_WORK REQUEST_
Return each line in the records below that includes "degani".

##### DATASET CONTENT #####

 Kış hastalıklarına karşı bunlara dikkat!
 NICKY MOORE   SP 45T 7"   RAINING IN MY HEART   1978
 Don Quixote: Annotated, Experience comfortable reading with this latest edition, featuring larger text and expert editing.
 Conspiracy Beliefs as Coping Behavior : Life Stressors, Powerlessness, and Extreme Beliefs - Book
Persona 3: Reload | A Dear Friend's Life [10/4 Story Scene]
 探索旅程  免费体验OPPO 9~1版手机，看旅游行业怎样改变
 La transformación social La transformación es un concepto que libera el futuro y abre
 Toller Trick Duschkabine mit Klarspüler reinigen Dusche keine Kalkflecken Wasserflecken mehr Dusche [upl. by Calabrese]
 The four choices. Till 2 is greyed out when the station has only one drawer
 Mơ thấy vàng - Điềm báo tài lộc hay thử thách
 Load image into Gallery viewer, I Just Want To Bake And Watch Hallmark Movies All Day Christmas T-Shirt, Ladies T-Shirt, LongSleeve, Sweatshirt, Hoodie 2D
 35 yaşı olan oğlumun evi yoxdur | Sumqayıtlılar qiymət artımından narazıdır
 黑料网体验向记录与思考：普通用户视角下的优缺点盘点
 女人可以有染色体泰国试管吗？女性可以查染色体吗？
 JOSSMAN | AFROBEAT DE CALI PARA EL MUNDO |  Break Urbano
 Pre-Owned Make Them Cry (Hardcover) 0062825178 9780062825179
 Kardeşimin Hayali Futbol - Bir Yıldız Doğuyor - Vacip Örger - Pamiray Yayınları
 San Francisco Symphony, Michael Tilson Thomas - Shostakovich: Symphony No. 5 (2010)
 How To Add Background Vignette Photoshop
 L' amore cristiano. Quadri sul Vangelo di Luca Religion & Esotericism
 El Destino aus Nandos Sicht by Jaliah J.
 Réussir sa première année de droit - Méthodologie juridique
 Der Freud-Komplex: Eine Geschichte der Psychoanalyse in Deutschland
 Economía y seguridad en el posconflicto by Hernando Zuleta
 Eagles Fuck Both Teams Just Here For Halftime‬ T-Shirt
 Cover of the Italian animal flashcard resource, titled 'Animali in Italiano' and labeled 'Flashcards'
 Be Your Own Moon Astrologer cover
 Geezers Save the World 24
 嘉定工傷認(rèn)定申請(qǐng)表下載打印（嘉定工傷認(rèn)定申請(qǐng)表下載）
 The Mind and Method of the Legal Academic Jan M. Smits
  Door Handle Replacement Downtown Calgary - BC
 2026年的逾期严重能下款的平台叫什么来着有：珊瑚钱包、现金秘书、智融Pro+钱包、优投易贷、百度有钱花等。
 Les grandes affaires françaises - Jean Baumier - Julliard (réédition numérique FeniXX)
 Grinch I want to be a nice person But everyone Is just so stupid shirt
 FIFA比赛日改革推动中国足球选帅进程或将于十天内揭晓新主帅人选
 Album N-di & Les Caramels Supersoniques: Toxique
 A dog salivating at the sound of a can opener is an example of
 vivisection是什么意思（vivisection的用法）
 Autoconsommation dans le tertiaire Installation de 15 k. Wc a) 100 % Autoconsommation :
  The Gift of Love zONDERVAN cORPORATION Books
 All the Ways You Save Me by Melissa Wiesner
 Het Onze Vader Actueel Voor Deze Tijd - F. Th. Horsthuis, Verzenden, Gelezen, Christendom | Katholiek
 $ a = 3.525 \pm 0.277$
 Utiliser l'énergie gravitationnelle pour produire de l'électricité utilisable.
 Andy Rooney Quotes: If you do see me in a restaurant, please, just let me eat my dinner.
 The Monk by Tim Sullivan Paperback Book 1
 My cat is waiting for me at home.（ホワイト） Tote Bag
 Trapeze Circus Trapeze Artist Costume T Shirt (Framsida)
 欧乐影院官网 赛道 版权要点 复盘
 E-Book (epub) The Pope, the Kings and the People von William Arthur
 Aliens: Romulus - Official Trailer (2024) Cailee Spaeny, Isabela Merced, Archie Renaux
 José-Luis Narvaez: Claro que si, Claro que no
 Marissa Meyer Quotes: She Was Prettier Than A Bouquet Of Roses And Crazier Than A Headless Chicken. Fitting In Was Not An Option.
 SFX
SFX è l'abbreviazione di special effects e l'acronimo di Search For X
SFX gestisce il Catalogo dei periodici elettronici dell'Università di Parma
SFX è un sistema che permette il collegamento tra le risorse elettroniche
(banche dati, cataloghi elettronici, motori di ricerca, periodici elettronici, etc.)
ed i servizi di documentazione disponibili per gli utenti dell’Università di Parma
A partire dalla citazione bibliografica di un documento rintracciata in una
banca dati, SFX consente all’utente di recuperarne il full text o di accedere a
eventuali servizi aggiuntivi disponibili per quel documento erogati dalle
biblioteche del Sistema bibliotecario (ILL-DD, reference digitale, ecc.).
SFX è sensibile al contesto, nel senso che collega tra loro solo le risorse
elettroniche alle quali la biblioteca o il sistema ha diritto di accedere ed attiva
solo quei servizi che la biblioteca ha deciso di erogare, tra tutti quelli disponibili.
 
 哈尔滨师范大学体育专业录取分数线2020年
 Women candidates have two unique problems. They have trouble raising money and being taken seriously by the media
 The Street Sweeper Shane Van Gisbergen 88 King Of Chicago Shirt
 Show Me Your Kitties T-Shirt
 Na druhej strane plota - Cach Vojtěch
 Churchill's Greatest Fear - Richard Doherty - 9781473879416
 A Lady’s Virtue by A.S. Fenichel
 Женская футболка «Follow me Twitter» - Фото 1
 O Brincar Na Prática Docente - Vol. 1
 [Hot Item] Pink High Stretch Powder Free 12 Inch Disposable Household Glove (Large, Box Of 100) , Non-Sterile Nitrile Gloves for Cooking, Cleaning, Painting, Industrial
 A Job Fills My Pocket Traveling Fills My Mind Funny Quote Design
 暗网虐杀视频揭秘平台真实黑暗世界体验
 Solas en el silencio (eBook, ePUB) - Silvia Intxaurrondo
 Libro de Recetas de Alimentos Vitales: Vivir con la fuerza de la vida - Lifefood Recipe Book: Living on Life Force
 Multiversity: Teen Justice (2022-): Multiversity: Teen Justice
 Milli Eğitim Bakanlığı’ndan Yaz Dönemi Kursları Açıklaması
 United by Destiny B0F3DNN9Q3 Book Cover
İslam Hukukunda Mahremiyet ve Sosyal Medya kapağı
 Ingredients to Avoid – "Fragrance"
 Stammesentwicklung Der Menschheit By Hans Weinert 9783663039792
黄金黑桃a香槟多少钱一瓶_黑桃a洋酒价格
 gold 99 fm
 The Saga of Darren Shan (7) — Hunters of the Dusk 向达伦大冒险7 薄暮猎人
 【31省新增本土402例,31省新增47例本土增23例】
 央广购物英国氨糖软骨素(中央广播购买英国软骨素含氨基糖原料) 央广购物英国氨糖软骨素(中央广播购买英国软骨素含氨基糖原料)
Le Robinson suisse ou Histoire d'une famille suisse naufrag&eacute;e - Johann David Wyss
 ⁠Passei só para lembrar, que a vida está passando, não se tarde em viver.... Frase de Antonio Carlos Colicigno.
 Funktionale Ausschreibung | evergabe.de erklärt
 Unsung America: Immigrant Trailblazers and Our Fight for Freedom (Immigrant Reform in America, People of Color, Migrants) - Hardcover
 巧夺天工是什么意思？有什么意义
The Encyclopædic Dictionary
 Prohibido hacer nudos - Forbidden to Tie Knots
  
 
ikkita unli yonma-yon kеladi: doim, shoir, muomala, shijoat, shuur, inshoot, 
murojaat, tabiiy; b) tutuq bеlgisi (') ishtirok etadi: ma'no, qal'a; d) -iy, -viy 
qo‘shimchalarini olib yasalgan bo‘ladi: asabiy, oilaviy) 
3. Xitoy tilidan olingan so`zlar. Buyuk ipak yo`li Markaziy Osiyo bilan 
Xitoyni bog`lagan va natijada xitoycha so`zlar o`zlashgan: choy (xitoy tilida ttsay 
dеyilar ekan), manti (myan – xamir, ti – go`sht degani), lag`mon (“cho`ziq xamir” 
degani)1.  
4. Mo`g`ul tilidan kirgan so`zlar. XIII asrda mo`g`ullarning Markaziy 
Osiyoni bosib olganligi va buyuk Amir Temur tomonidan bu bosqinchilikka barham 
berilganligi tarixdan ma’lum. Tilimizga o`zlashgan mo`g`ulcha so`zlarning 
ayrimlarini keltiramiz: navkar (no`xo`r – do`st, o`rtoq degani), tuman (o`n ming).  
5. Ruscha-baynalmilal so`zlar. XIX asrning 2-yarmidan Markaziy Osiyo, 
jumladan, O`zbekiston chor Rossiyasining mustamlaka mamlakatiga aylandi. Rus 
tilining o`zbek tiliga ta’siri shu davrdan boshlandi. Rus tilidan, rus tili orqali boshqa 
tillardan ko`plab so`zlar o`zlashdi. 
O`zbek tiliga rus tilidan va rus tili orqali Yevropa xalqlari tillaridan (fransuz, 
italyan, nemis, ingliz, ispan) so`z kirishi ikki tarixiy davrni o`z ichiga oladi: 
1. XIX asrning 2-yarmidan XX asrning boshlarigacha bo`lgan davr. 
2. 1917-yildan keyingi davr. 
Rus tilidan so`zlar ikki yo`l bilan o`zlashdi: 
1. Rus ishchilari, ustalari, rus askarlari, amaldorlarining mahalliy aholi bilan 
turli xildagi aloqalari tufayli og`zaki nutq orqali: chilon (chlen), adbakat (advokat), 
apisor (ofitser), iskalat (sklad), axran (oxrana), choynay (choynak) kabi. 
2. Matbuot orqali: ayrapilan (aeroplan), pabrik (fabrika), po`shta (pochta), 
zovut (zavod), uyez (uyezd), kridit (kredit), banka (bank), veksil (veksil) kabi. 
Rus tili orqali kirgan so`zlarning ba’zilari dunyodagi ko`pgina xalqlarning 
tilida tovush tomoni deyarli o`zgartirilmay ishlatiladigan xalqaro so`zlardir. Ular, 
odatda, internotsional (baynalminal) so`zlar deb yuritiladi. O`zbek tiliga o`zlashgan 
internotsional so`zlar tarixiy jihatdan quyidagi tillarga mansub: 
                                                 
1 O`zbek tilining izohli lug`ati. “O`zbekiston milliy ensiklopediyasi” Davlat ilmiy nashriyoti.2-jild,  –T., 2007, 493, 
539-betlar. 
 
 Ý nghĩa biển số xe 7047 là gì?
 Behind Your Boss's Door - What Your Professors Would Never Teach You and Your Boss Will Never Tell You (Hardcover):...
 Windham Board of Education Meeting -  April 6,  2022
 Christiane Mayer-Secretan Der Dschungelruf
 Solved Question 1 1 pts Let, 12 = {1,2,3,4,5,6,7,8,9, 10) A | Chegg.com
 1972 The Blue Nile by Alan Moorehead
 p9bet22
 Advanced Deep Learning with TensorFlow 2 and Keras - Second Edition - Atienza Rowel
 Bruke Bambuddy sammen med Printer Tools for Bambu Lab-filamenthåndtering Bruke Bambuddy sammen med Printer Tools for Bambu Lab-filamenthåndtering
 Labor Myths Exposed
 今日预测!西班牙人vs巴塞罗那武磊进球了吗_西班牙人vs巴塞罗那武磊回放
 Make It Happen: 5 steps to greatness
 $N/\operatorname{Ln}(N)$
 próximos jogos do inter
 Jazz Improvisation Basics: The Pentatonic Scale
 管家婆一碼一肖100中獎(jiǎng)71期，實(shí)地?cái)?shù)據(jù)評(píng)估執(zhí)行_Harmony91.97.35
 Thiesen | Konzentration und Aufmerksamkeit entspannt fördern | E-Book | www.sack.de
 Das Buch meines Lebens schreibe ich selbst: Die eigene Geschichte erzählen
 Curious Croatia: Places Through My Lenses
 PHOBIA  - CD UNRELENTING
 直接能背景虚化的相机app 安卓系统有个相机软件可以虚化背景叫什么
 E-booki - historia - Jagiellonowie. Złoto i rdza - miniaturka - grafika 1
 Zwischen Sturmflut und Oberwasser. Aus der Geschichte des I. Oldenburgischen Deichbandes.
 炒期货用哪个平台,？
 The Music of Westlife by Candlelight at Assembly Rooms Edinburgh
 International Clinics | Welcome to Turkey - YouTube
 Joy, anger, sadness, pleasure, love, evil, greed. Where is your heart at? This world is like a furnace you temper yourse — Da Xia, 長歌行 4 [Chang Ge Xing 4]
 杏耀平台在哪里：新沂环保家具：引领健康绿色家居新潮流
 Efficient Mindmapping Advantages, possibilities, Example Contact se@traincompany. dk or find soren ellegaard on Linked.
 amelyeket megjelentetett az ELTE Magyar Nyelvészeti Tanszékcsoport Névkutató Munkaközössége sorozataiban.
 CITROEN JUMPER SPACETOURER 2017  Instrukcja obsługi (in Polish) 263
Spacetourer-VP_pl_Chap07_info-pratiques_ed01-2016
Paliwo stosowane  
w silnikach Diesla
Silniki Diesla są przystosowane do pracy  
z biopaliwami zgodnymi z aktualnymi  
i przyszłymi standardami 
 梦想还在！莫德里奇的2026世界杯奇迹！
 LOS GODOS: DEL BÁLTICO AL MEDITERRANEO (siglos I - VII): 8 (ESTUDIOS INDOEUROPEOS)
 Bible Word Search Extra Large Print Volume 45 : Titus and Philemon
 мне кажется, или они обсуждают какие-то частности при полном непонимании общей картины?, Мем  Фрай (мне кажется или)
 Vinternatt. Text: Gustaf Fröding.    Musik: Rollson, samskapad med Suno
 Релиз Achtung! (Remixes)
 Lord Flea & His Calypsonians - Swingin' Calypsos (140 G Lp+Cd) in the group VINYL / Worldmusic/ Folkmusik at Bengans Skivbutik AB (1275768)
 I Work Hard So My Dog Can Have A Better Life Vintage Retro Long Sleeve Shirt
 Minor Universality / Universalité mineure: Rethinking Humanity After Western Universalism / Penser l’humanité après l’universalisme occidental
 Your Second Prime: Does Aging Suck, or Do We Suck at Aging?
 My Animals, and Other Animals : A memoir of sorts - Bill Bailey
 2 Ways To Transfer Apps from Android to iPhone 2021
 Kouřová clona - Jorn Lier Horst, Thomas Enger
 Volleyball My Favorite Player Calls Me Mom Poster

#####

_TASK RESULT_
dеyilar ekan), manti (myan – xamir, ti – go`sht degani), lag`mon (“cho`ziq xamir” 
degani)1.  
ayrimlarini keltiramiz: navkar (no`xo`r – do`st, o`rtoq degani), tuman (o`n ming).  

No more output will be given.